[[ THE DATA, beginning ]]
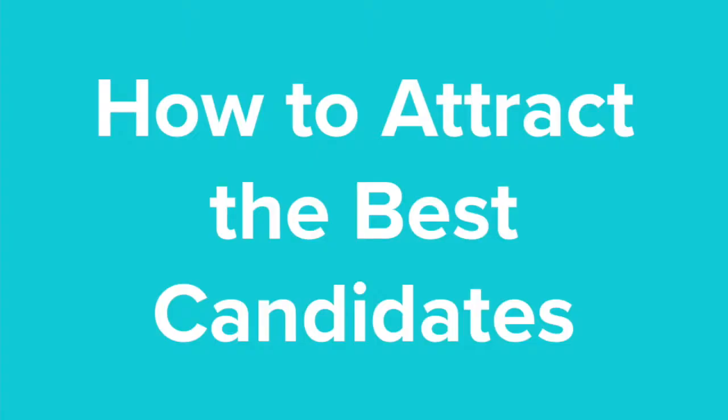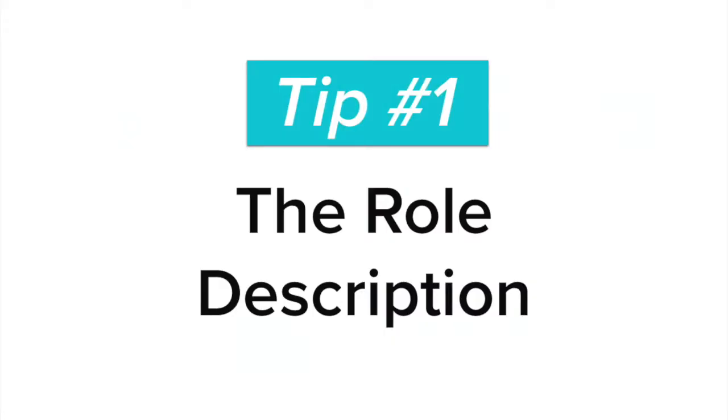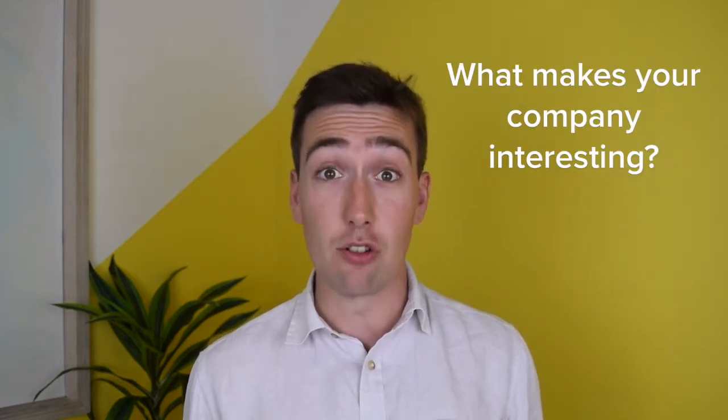Hi, I'm Tom and I'm going to talk to you about making your role more attractive to graduates in order to get the best candidates to apply. Making your company attractive begins with the role description, and make sure you know exactly what it is that makes your company interesting.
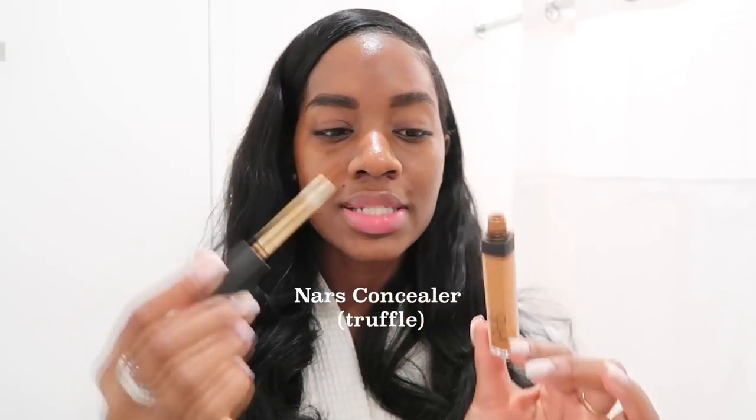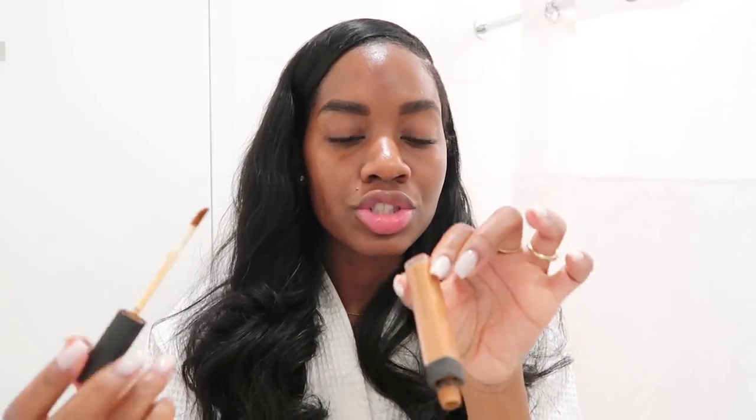Now I'm going to go in with my NARS concealer. This is the shade Truffle. I'm just going to use the wand directly to clean up the brows, then I'm going to use this random little brush I have — I don't know where it's from. I've had this brush since I started wearing makeup, which is probably about 10 years now. It's so old but I love it — it's my favorite brush and I just have this weird attachment to it.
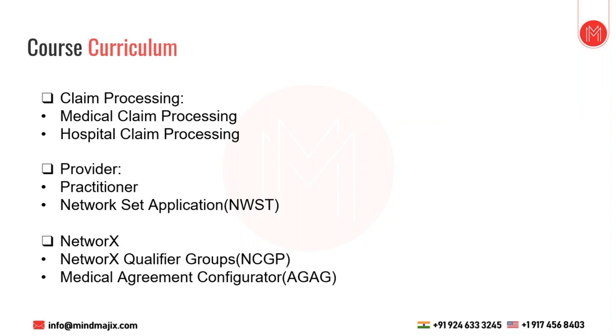In claim processing there are four types: medical, hospital, dental, and vision. Dental and vision are usually not processed in Facets, so most of the time we deal with medical and hospital claims. A medical claim is built on HCFA 1500 (also called CMS 1500), and a hospital claim is built on UB-04. The medical claim form has 33 fields and the hospital claim form has around 92 fields.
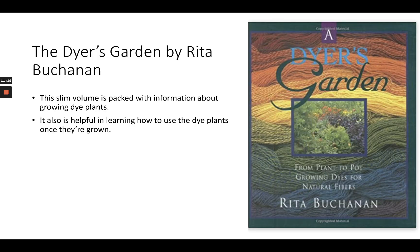The Dyer's Garden by Rita Buchanan is also kind of an old book — it's a slim book. She also wrote The Weaver's Garden, and they're very similar. The Dyer's Garden is obviously just about dyeing. It is packed with information about how to grow dye plants, where to find plants and seeds, and how to design your dye garden. There's also really helpful information about how to use the dye plants once they're grown. The Weaver's Garden has all the information in The Dyer's Garden, but it also includes growing cotton and flax — so if you're interested in growing fiber as well, you might consider getting The Weaver's Garden.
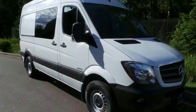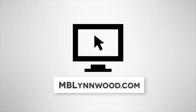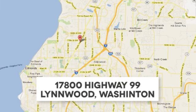Come on out and see it today. Call us at 425-673-0505, online at mblynwood.com, or stop in and visit at 17800 Highway 99.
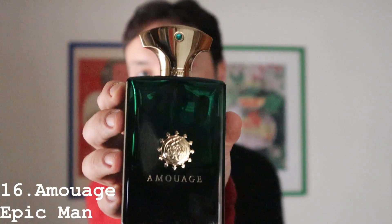Moving on to number 16: my second favorite from the house of Amouage, and this is Epic Men. One of the best strong, slightly animalic, woody leather fragrances. It's dry, super spicy — kind of in the same category as M7, but more into leather. You have ambers as well, but not as much as in M7. I could speak for hours about this fragrance. Number 16: Amouage Epic Men.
[[ THE DATA, end ]]
WORK INSTRUCTION = All lines from the one containing "The Dyer's Garden by" to the last line of the data above, both included, should be printed exactly, and the pictures should not appear.

ANSWER TO THE EXERCISE =
The Dyer's Garden by Rita Buchanan is also kind of an old book — it's a slim book. She also wrote The Weaver's Garden, and they're very similar. The Dyer's Garden is obviously just about dyeing. It is packed with information about how to grow dye plants, where to find plants and seeds, and how to design your dye garden. There's also really helpful information about how to use the dye plants once they're grown. The Weaver's Garden has all the information in The Dyer's Garden, but it also includes growing cotton and flax — so if you're interested in growing fiber as well, you might consider getting The Weaver's Garden.
Come on out and see it today. Call us at 425-673-0505, online at mblynwood.com, or stop in and visit at 17800 Highway 99.
Moving on to number 16: my second favorite from the house of Amouage, and this is Epic Men. One of the best strong, slightly animalic, woody leather fragrances. It's dry, super spicy — kind of in the same category as M7, but more into leather. You have ambers as well, but not as much as in M7. I could speak for hours about this fragrance. Number 16: Amouage Epic Men.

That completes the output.